# Kane Heat Mat? Tinfoil?



## nohotegu (Aug 26, 2008)

Two questions:
Anyone have any experience with Kane brand heat mats? Do most people use heat mats in combination with lights to keep up the ambient temp? Aaaaand lastly! I feel like I read something about using tinfoil if you have a screen top to help keep in moisture and humidity. Did I make that up?

 Thank you friends!


----------



## jor71 (Aug 26, 2008)

The tin foil works, that is what I use. I am not familiar with the heat mats, so I can't help you there.

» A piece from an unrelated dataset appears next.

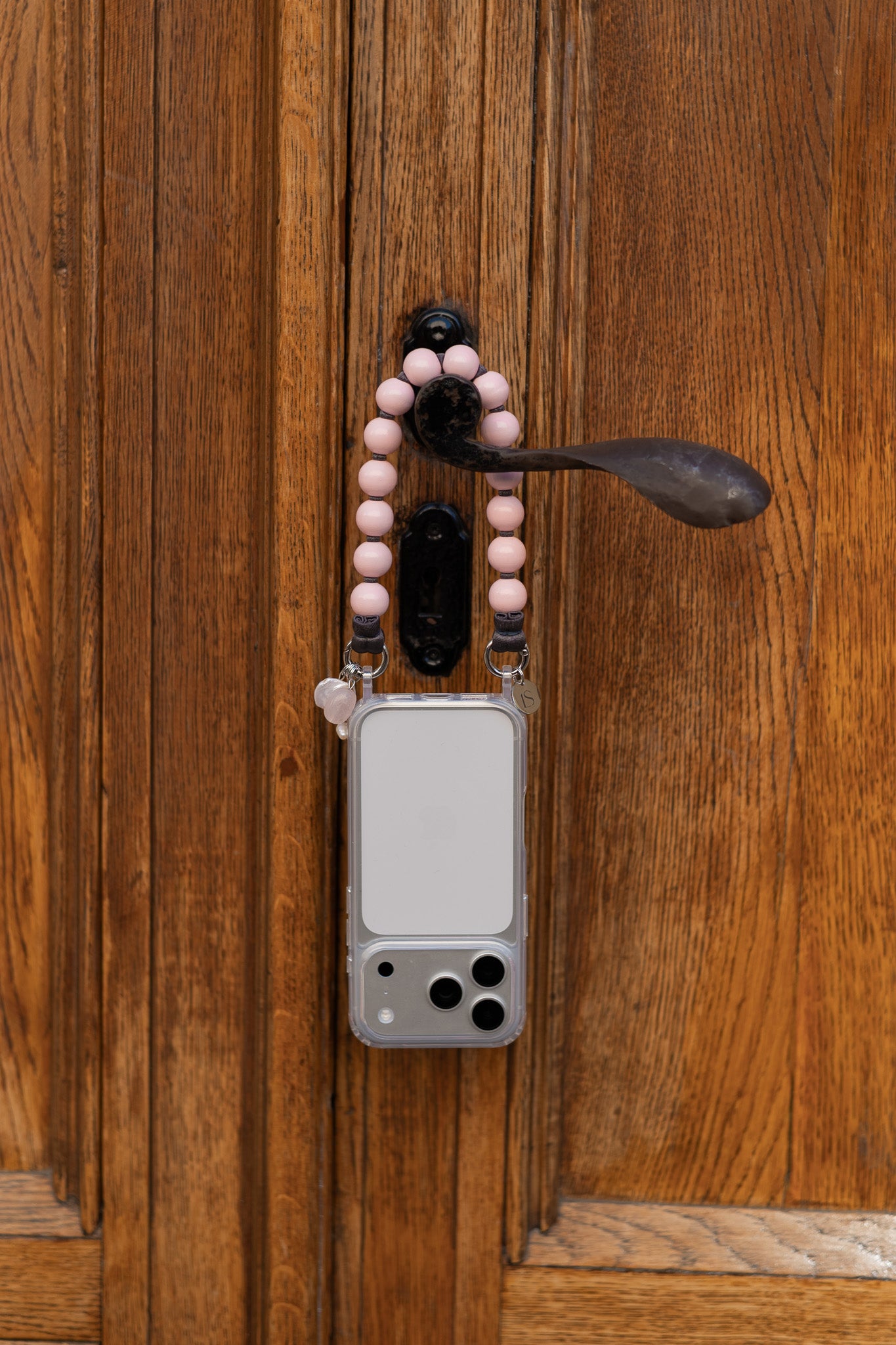 Mini korálkový popruh na telefon – Ballet Pink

Back to the tinfoil, what I have done is cover up most of the open space with it (taped the edges). I left one part open for the fluorescent and another for the basking light. I also place some wet (not soaked) towels over the covered area for added measures.

You will need to play around until you can get he humidity to 70%.

What size and kind of enclosure are you using?


----------



## KoreanDeathKid (Aug 26, 2008)

i use tile and tin foil, but tin foil just crumples up too easily and i have to replace it once every month or so for many reasons, but it should work
and that just reminds me to replace the tin foil


----------



## DaveDragon (Aug 26, 2008)

We use the tin foil covered with black duct tape, it makes it look more professional. I also add an extra 6" square hole and make a removable flap to adjust humidity. I also put the water bowl partially over the UTH to increase humidity. 70% is no problem without misting.


----------



## nohotegu (Aug 26, 2008)

Thats great. I bet the duct tape could help with the tinfoil wrinkling, too. Thank you all so much!


----------



## argus333 (Aug 27, 2008)

i use kane heat pads but only for outside and at night i just use lights inside the wattage depends on how hot the room is. i only need 100 watt bulbs because the room my lizards are in is 80 to 90 on its own.


----------